In psicoterapia si nota spesso che una gran parte dei sensi di colpa e dei rancori verso il prossimo si basano su “giudizi intenzionali” ipotizzati come negativi per il prossimo o per se stessi.
Quando si indaga su possibili intenzioni alternative, spesso si scopre che sarebbero altrettante fonti di sensi di colpa o rancori secondo criteri differenti.
In pratica, di fronte alla scelta di una o dell’altra possibilità, entrambe condurrebbero allo stesso effetto sulla persona.

Si nota anche che coloro ai quali servirebbe veramente avere sensi di colpa, non li hanno mai.

La base di un’intenzione sono dei valori e la loro gerarchia. In giurisprudenza si chiamano beni giuridici e hanno una gerarchia di solito ben definita (p.es.: la proprietà è inferiore alla vita umana, …).

A livello giuridico, il giudizio dell’intenzione diventa criminale ed è un grosso strumento del potere per diffamare o sradicare gli avversari. Nelle legislazioni democratiche normalmente è illecito un “giudizio sull’intenzione”. D’altronde il grado di intento serve per adeguare la punizione (omicidio premeditato o preterintenzionale).

Ci sono degli individui che tentano ogni tanto di usare quest’arma per scopi pubblici (dall’economia alla politica).

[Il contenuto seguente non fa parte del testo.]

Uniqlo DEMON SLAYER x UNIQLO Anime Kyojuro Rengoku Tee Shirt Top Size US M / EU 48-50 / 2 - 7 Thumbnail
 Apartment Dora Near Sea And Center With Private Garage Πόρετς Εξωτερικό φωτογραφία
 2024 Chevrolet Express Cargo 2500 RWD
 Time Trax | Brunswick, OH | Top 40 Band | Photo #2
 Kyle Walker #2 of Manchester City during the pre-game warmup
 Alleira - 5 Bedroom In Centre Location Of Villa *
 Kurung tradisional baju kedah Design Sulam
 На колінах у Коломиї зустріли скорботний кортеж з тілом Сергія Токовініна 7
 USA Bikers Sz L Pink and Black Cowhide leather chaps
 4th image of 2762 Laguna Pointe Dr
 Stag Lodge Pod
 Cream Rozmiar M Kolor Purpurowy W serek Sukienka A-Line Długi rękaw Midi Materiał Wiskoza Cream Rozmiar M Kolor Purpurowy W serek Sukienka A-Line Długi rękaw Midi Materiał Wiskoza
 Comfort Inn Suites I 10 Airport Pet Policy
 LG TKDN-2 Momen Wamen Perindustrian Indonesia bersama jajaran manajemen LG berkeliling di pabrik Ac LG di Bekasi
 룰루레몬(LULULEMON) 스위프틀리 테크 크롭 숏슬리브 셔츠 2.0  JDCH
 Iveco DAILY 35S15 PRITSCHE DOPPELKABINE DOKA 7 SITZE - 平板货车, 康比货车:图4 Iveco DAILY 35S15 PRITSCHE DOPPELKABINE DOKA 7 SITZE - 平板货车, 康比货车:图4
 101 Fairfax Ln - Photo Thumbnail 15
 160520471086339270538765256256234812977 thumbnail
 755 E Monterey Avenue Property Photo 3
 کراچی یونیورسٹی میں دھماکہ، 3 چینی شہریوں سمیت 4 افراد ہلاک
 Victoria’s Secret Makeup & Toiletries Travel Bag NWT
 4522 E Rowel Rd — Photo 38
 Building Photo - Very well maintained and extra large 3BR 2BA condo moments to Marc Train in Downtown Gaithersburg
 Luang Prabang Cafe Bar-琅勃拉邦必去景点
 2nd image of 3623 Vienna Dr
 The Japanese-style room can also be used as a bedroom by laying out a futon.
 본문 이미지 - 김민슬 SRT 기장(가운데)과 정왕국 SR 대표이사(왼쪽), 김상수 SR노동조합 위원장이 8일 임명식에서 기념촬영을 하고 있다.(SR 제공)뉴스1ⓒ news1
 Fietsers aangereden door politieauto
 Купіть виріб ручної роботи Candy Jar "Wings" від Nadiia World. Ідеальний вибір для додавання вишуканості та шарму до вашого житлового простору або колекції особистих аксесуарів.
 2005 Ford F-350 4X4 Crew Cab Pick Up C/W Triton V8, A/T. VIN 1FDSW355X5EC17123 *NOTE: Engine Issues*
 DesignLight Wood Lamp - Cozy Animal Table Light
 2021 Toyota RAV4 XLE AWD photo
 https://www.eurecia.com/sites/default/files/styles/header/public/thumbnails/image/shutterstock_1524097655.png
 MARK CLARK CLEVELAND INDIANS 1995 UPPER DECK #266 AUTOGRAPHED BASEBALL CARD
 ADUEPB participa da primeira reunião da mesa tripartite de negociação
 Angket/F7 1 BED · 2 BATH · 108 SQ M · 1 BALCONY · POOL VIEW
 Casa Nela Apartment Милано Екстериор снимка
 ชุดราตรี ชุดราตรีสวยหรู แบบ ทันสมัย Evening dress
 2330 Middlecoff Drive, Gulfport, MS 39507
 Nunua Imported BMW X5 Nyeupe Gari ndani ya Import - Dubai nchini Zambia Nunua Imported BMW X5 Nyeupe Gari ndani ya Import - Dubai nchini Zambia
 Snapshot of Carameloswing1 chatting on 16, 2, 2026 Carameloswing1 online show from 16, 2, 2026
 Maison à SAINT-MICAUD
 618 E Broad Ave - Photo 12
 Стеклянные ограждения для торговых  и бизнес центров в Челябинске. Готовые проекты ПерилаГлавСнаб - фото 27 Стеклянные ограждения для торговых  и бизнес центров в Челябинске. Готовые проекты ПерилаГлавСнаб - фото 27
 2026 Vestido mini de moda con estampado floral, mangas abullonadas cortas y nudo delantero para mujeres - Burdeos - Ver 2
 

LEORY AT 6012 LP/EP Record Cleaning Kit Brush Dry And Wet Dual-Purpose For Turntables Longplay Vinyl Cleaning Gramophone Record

Possono diventare un pericolo per la società e sono da bloccare in tempo, ma purtroppo esistono pochi strumenti giuridici a questo scopo.

Sottoporre delle intenzioni all’avversario è umanamente capibile da parte del più debole (anche se ha un tocco di paranoia), è invece altamente sospettoso come arma del vantaggiato verso lo svantaggiato.


1.4  Etica comportamentale

(deontologica): “giusto e sbagliato”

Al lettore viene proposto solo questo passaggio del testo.